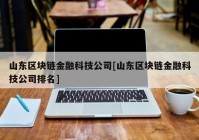 山东区块链金融科技公司[山东区块链金融科技公司排名]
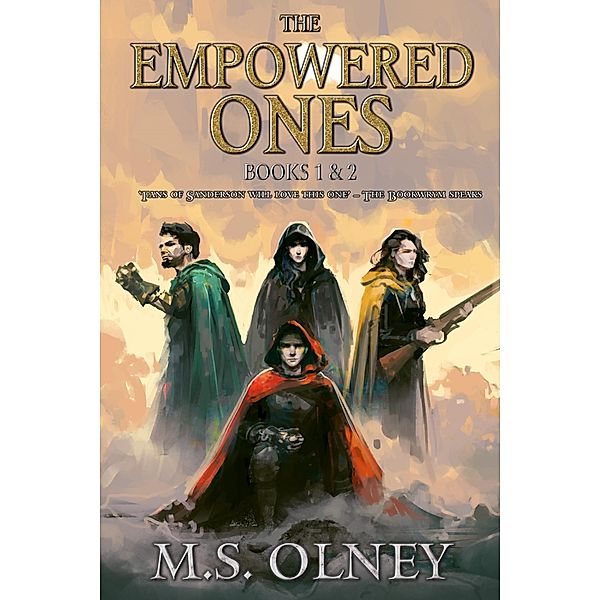 The Empowered Ones / The Empowered Ones, M. S Olney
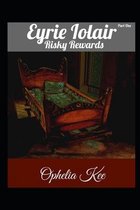 Eyrie Iolair: Risky Rewards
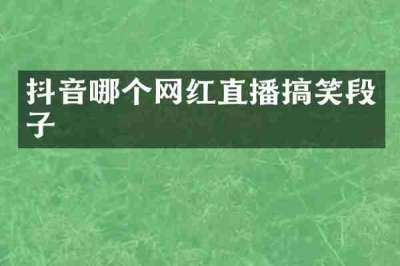 抖音哪个网红直播搞笑段子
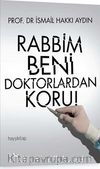 Rabbim Beni Doktorlardan Koru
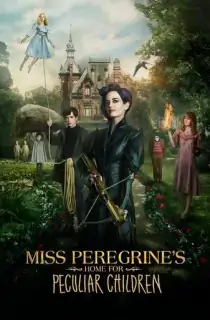 Miss Peregrine’s Home for Peculiar Children (2016) BluRay Dual Audio [Hindi ORG. + English] Full Movie 480p [400MB] | 720p [1GB] | 1080p [3GB]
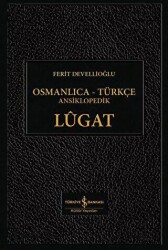 Osmanlıca - Türkçe Ansiklopedik Lügat - İş Bankası Kültür Yayınları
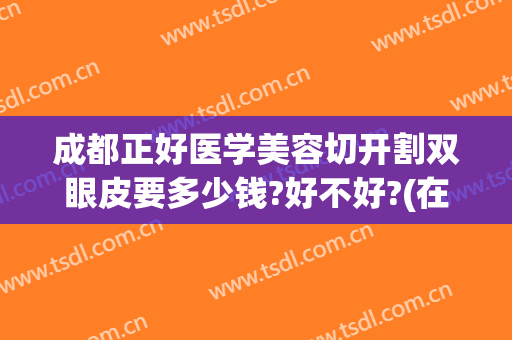 成都正好医学美容切开割双眼皮要多少钱?好不好?(在成都割双眼皮开眼角多少钱)
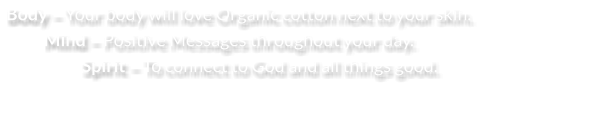 Body – Your body will love Organic cotton next to your skin.  Mind – Positive Messages throughout your day. Spirit – To connect to God and all things good.
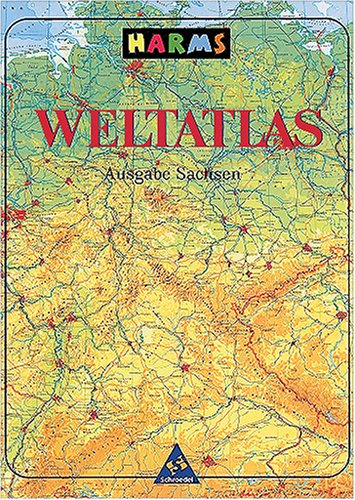 Harms Weltatlas: Ausgabe Sachsen Study Guides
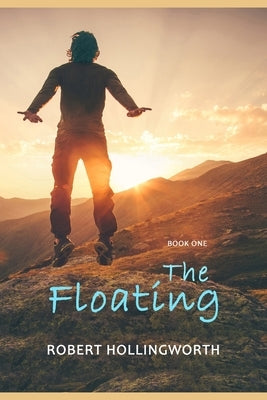 The Floating: Book One by Hollingworth, Robert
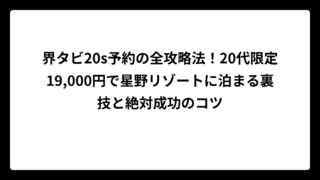 界タビ20s予約の全攻略法！20代限定19,000円で星野リゾートに泊まる裏技と絶対成功のコツ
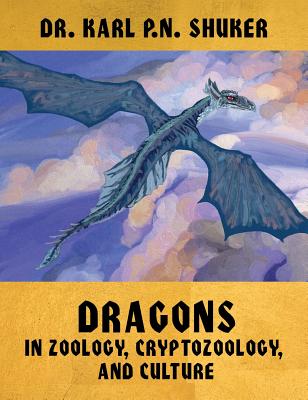 Dragons in Zoology, Cryptozoology, and Culture By Karl P. N. Shuker Cover Image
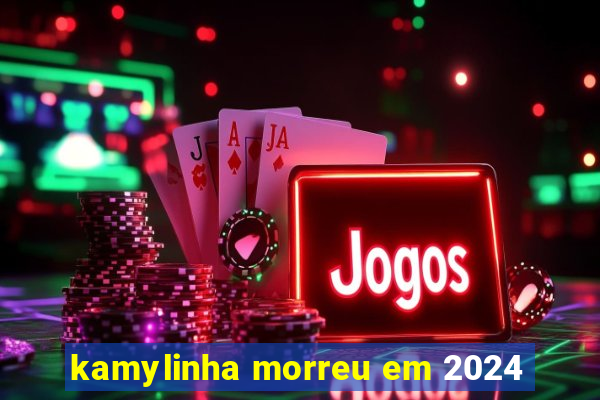 kamylinha morreu em 2024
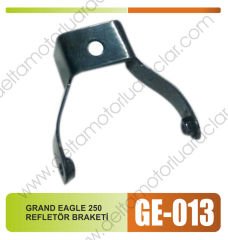 GRAND EAGLE 250 REFLETÖR BRAKETİ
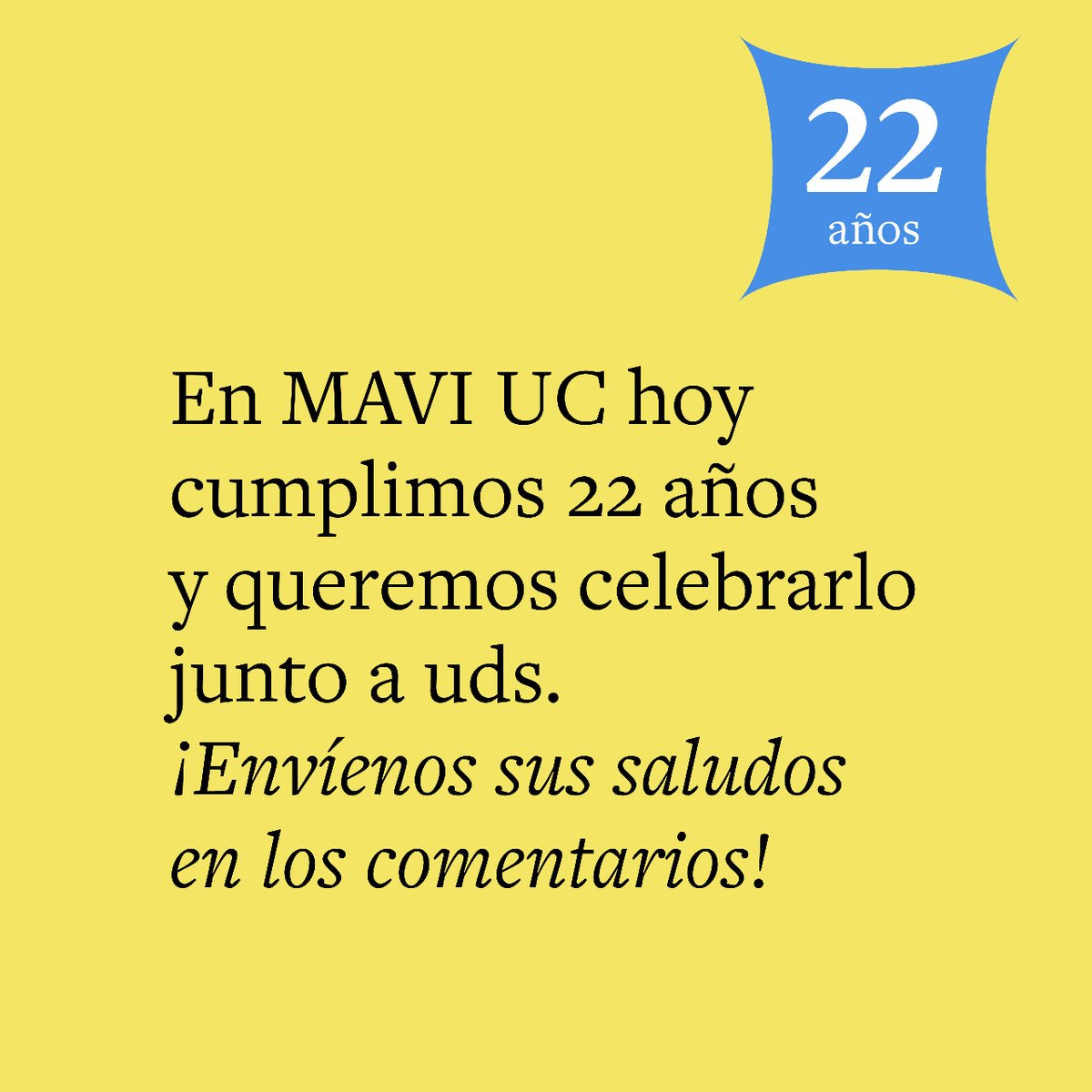 Hace 22 años nace el Museo de Artes Visuales, hoy MAVI UC. Las y los invitamos a dejarnos sus buenos deseos en los comentarios. ¡Feliz Cumpleaños MAVI UC! 😍🤩🤗  ¡Vamos por muuuuchos años más de arte, cultura y educación! 🎂🎨🌟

——

Problem details:
Your answer should be the lines from the first record down to the line containing "Miss Peregrine’s Home", restated exactly, with no pictures.

Solution to this problem:
 山东区块链金融科技公司[山东区块链金融科技公司排名]
 The Empowered Ones / The Empowered Ones, M. S Olney
 Eyrie Iolair: Risky Rewards
 抖音哪个网红直播搞笑段子
 Rabbim Beni Doktorlardan Koru
 Miss Peregrine’s Home for Peculiar Children (2016) BluRay Dual Audio [Hindi ORG. + English] Full Movie 480p [400MB] | 720p [1GB] | 1080p [3GB]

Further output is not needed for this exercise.